彼は指先を使うように、思考で画面をスワイプする感覚を味わう。
動画のアイコンが表示され、彼は心の中でそれに触れる感覚を持つ。
遠崎識人と、哭目香々の行為を録画された動画が再生されながら、彼の脳内に映像が映し出されていく。

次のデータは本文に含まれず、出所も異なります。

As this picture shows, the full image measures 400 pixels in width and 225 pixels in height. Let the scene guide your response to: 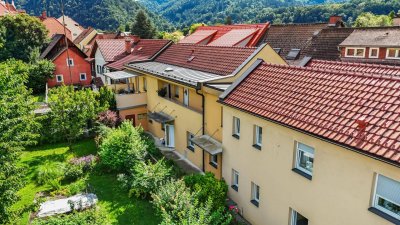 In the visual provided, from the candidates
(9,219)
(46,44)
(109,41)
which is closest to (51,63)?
(109,41)

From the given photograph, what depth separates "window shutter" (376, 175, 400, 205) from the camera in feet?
28.9

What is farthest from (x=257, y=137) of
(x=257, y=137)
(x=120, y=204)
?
(x=120, y=204)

「くくくッ、いいじゃねぇか、いいじゃねえかよォ!おい!!」
鬼怒川の表情が緊張から興奮に変わり、目がキラキラと輝き始める。
画面に映された内容が明らかになるにつれ、満足感が彼の中に満ちてくる。
彼は思わず微笑み、周囲が一瞬で消え去るかのような感覚を覚える。
動画の情報が次々と流れ込み、新たな計画の糸口が見えてくる。
鬼怒川は満ち足りた思いで目を開け、手のひらを軽く握りしめ、自信に満ちた微笑を浮かべる。

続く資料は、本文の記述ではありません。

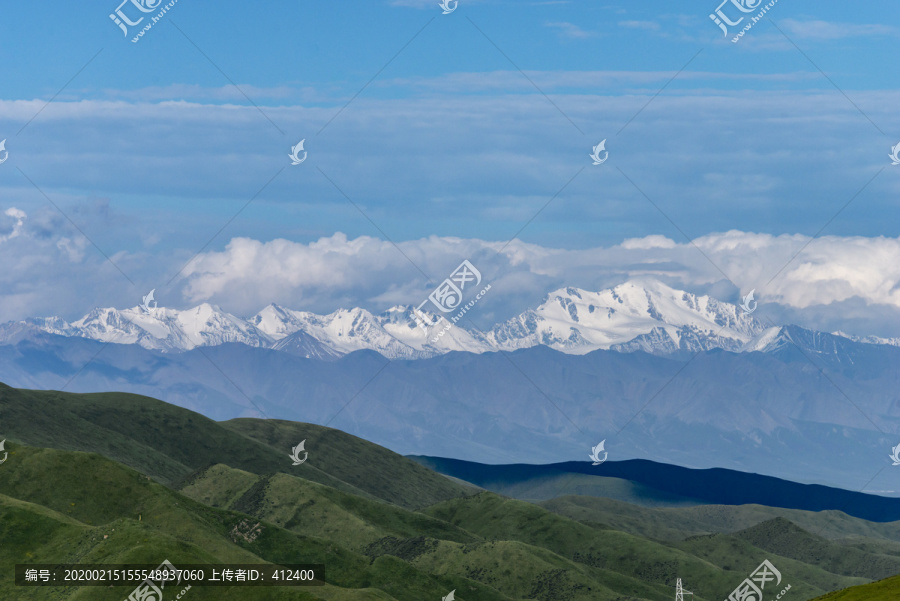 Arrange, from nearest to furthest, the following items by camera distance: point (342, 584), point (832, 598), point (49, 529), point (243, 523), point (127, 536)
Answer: point (832, 598) < point (127, 536) < point (49, 529) < point (342, 584) < point (243, 523)

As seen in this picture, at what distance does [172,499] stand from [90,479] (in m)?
15.8

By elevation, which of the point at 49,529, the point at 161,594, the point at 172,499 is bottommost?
the point at 161,594

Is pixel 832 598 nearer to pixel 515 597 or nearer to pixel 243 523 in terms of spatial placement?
pixel 515 597

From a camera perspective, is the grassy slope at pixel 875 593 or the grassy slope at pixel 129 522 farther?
the grassy slope at pixel 129 522

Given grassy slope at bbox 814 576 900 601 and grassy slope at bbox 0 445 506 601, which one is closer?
grassy slope at bbox 814 576 900 601

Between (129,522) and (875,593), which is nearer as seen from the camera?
(875,593)

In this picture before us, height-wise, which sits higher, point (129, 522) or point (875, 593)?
point (129, 522)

「これを使えば、奴を不純異性交遊で退学に持ち込んでやらぁ」
鬼怒川は近くにいた哭目を見つめ、鋭い目を向ける。
彼の表情には挑発的な微笑が浮かばせた。
「無能の癖にやるじゃねぇかよ、こんな簡単に奴の弱点を撮る事が出来るなんてな」
「…はい、ありがとうございます」
哭目は言葉には反応せず、視線を少し逸らす。
鬼怒川はその反応を見逃さず、さらに続けて聞くように問いかける。
「おい?なんでこれ、音声がついてない?」
鬼怒川の目が期待と疑念を交差させ、明確な答えを求める。
哭目は焦りを感じているが、それを見せないように必死に表情を保つ。
彼女は一瞬思考を巡らせた後、無言のままで明らかに意図的に目を背ける。
鬼怒川は彼女の視線を追い、彼女の態度に何か不自然さを感じ取る。
哭目は内心の動揺を隠すために、静かに思考を整理しようとする。
「なんだお前、何を隠してる?」
そう問い詰める鬼怒川。
彼女の肩を掴むと、そのままベッドへと押し倒した。
「さっさと答えろ、てめえは、俺が居ないと生きていけないんだろうが」
「…」
数多くの性行為の動画をネットに流された。
そんな彼女の顔は、既に多くの人間に知られている。
この学園ですら、彼女の動画を突き付けられて何度行為を強制されたか分からない。
鬼怒川が居なければ、彼女は今頃、学園内では安く買える玩具だっただろう。
ある意味、彼女が鬼怒川を裏切る事が出来ない。
彼女が最低な性格をしている鬼怒川に絶対服従をするのは、そういった方面もあるからだった。
「チィ!」
彼女の衣服を破く。
言いたく無ければ体に直接聞けば良いだけの話だ。
そうやって何度も彼女の心に消えない傷を作り続けた。
今回もそうしようとしたのだろうが。
「あぁ!?」
電話が鳴った。
脳内で響く音は、学生用連絡網アプリからだった。
電話先の相手は、遠崎識人だった。